Deploying Custom Docker Image with Selenium on Scrapy Cloud

Modified on Mon, 9 Aug, 2021 at 4:05 PM

See shub documentation for the custom Docker image deployment instructions.


Chrome


Dockerfile Example for Chrome


FROM scrapinghub/scrapinghub-stack-scrapy:2.1
RUN apt-get update
RUN apt-get upgrade -y
RUN apt-get install zip unzip

#============================================
# Google Chrome
#============================================
# can specify versions by CHROME_VERSION;
#  e.g. google-chrome-stable=53.0.2785.101-1
#       google-chrome-beta=53.0.2785.92-1
#       google-chrome-unstable=54.0.2840.14-1
#       latest (equivalent to google-chrome-stable)
#       google-chrome-beta  (pull latest beta)
#============================================
ARG CHROME_VERSION="google-chrome-stable"
RUN wget -q -O - https://dl-ssl.google.com/linux/linux_signing_key.pub | apt-key add - \
  && echo "deb http://dl.google.com/linux/chrome/deb/ stable main" >> /etc/apt/sources.list.d/google-chrome.list \
  && apt-get update -qqy \
  && apt-get -qqy install \
    ${CHROME_VERSION:-google-chrome-stable} \
  && rm /etc/apt/sources.list.d/google-chrome.list \
  && rm -rf /var/lib/apt/lists/* /var/cache/apt/*


#============================================
# Chrome Webdriver
#============================================
# can specify versions by CHROME_DRIVER_VERSION
# Latest released version will be used by default
#============================================
ARG CHROME_DRIVER_VERSION
RUN CHROME_STRING=$(google-chrome --version) \
  && CHROME_VERSION_STRING=$(echo "${CHROME_STRING}" | grep -oP "\d+\.\d+\.\d+\.\d+") \
  && CHROME_MAYOR_VERSION=$(echo "${CHROME_VERSION_STRING%%.*}") \
  && wget --no-verbose -O /tmp/LATEST_RELEASE "https://chromedriver.storage.googleapis.com/LATEST_RELEASE_${CHROME_MAYOR_VERSION}" \
  && CD_VERSION=$(cat "/tmp/LATEST_RELEASE") \
  && rm /tmp/LATEST_RELEASE \
  && if [ -z "$CHROME_DRIVER_VERSION" ]; \
     then CHROME_DRIVER_VERSION="${CD_VERSION}"; \
     fi \
  && CD_VERSION=$(echo $CHROME_DRIVER_VERSION) \
  && echo "Using chromedriver version: "$CD_VERSION \
  && wget --no-verbose -O /tmp/chromedriver_linux64.zip https://chromedriver.storage.googleapis.com/$CD_VERSION/chromedriver_linux64.zip \
  && rm -rf /opt/selenium/chromedriver \
  && unzip /tmp/chromedriver_linux64.zip -d /opt/selenium \
  && rm /tmp/chromedriver_linux64.zip \
  && mv /opt/selenium/chromedriver /opt/selenium/chromedriver-$CD_VERSION \
  && chmod 755 /opt/selenium/chromedriver-$CD_VERSION \
  && sudo ln -fs /opt/selenium/chromedriver-$CD_VERSION /usr/bin/chromedriver

ENV TERM xterm
ENV SCRAPY_SETTINGS_MODULE cVehicles.settings
RUN mkdir -p /app
WORKDIR /app
COPY ./requirements.txt /app/requirements.txt
RUN pip install --no-cache-dir -r requirements.txt
COPY . /app
RUN python setup.py install


Replace <PROJECT_NAME> in ENV SCRAPY_SETTINGS_MODULE instruction with the actual name of the Scrapy project being deployed.

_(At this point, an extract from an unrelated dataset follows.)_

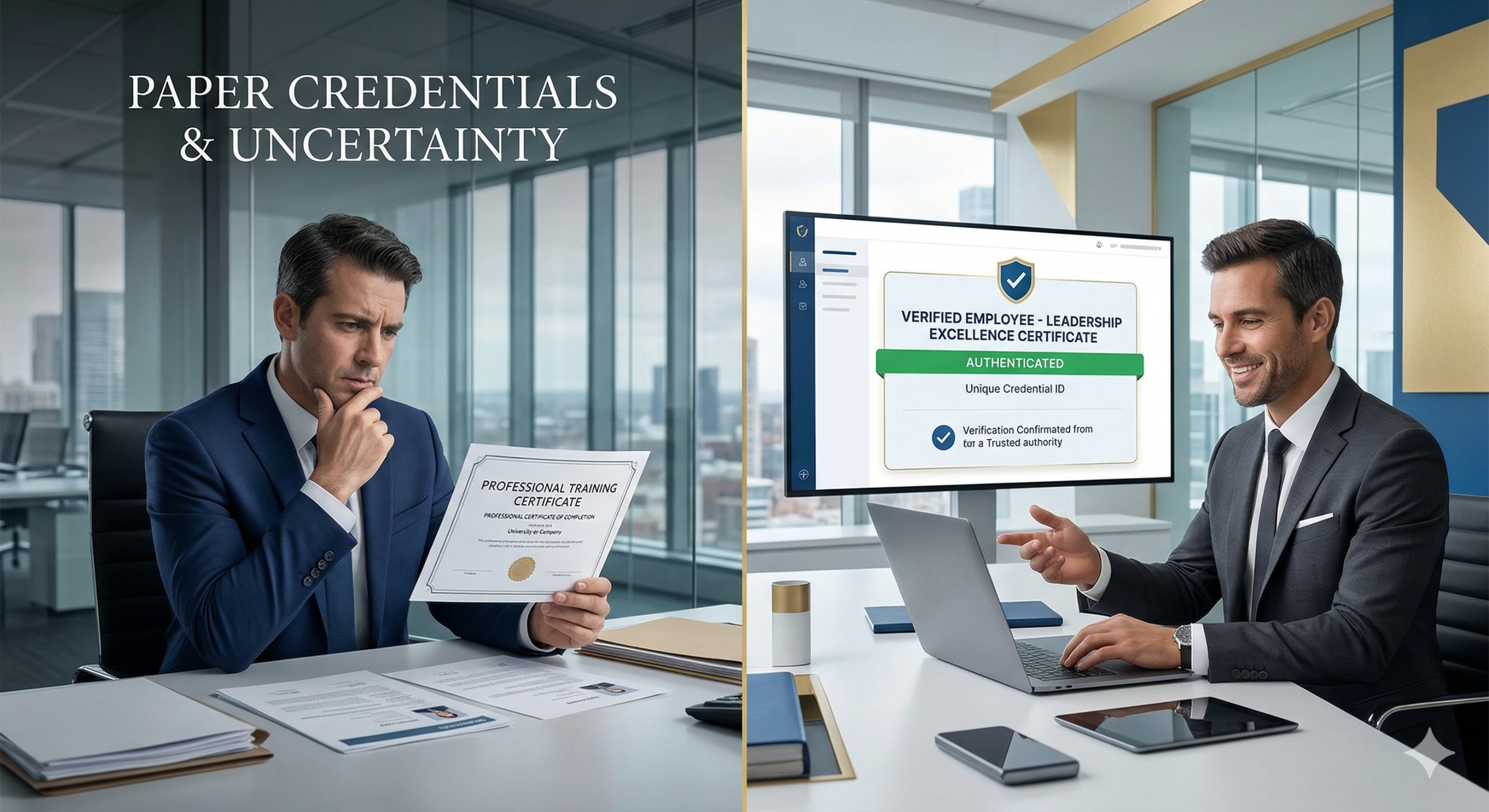 Comparison between unverified paper certificates and secure digital credentials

Spider Code Example for Chrome


# demo.py

import scrapy
from selenium import webdriver

class DemoSpider(scrapy.Spider):
    name = 'demo'
    start_urls = ['http://quotes.toscrape.com/js']

    def __init__(self, *args, **kwargs):
        super(DemoSpider, self).__init__(*args, **kwargs)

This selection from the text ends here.